With this assignment, we are in “full 186” mode: from here on, assignments are distinct examples of a selected paradigm for problem-solving. This particular one introduces you to discrete event simulation.

Background Reading

If you want to learn more about discrete event simulations, you can start with the Wikipedia article:

In terms of programming, you will want to take a closer look at enums for this go-round. An enum is a special kind of class, intended to express a known, finite domain of values:

You’ve already seen these; with this assignment you will be using them more deeply.

Automated Feedback Setup

In order to connect your repository to our automated code review and feedback system, once you are up and running please send your repository’s URL to Ed Seim. You can either find him in person in the lab, tweet him at, or create a GitHub issue on your repository and mention him in it (@SirSeim). Once he has you hooked up, the system will provide feedback on code formatting and quality whenever you commit a new version to GitHub.

To assist you in development and as a source of further feedback, test programs are provided with this repository. The test programs test the supporting methods for each program but not the full command line invocations. You will be shown how to use these programs in class. The test programs will also be run automatically whenever you update your work on GitHub. Make sure that the test program passes.
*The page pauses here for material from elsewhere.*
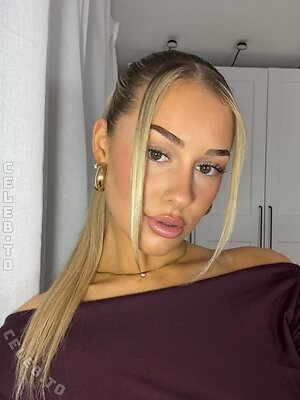 Elianabajrami Nude Leaked Photo #20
I have my own additional test program for making sure that all cases are covered.

Points will be deducted if issues reported by the automated feedback system here linger in the final submission.

Discrete Event Simulation: World of Carcraft

Traffic simulations are a Dr. Dorin favorite, and in fact much of this descriptive text is written by him. Programs like these are also particularly topical these days, with self-driving cars appearing to be imminent. This gives you a highly introductory taste of the kind of logic that you might need in order to implement such vehicles.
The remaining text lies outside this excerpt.